Aim of the task
Repeat the entries below exactly. Begin with the first line and end with the line that contains "Rumah bagus di".

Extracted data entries
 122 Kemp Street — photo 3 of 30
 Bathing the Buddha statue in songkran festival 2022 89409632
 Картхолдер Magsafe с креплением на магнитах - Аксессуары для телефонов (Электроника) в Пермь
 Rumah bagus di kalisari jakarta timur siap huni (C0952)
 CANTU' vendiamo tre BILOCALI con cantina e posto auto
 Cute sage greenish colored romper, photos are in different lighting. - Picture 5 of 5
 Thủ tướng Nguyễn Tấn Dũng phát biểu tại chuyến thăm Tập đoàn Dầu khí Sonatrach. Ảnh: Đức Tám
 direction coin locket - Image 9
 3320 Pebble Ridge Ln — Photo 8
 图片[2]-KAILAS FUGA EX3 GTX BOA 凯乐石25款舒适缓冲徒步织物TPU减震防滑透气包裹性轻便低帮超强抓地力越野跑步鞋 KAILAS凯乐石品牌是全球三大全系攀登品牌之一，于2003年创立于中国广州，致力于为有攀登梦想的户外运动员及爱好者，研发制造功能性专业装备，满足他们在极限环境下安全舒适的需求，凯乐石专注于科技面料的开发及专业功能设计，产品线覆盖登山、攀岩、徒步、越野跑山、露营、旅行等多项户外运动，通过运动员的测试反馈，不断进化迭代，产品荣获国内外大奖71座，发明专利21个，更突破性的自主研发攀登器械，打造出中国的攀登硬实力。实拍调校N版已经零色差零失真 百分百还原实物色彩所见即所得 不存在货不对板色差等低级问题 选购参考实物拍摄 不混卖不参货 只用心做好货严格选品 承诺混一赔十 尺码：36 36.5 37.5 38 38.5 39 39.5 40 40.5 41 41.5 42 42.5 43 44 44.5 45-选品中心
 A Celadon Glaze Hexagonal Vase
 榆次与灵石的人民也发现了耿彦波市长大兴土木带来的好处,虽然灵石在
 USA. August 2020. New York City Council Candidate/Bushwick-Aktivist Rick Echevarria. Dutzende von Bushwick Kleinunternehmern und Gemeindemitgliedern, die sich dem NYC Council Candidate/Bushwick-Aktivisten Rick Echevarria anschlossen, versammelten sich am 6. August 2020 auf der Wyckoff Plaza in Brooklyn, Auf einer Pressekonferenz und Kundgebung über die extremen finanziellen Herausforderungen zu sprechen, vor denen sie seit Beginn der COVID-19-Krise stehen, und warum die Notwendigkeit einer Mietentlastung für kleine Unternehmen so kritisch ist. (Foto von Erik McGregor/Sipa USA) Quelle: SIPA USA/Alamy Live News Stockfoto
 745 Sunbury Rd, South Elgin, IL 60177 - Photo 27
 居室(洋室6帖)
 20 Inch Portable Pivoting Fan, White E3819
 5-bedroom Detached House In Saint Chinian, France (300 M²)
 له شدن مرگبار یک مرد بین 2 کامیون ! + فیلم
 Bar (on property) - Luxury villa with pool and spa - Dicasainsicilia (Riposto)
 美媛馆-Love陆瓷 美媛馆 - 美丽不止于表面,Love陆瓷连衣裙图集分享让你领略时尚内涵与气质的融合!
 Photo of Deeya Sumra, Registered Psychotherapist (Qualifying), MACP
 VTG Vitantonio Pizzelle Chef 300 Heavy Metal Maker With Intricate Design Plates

Finished task
 122 Kemp Street — photo 3 of 30
 Bathing the Buddha statue in songkran festival 2022 89409632
 Картхолдер Magsafe с креплением на магнитах - Аксессуары для телефонов (Электроника) в Пермь
 Rumah bagus di kalisari jakarta timur siap huni (C0952)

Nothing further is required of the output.